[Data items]
┌──

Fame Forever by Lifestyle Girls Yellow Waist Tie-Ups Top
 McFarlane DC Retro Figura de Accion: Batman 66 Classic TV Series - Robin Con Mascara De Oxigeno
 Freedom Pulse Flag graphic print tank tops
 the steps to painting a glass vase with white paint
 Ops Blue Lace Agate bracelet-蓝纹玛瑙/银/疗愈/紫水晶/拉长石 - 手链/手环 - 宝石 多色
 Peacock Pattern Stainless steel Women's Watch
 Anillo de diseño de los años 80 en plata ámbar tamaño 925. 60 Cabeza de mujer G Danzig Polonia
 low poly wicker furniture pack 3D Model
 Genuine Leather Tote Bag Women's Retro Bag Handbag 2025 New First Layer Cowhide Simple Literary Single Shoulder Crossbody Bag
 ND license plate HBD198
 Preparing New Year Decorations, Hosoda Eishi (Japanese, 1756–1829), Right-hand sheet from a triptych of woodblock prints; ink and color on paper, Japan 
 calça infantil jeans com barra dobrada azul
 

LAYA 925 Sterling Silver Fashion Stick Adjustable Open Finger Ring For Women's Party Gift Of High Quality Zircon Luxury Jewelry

└──

* What the task requires
Please return every line from the first one in the records above down to the line containing "Ops Blue Lace", including both, exactly as written and nothing more.

* Answer area
Fame Forever by Lifestyle Girls Yellow Waist Tie-Ups Top
 McFarlane DC Retro Figura de Accion: Batman 66 Classic TV Series - Robin Con Mascara De Oxigeno
 Freedom Pulse Flag graphic print tank tops
 the steps to painting a glass vase with white paint
 Ops Blue Lace Agate bracelet-蓝纹玛瑙/银/疗愈/紫水晶/拉长石 - 手链/手环 - 宝石 多色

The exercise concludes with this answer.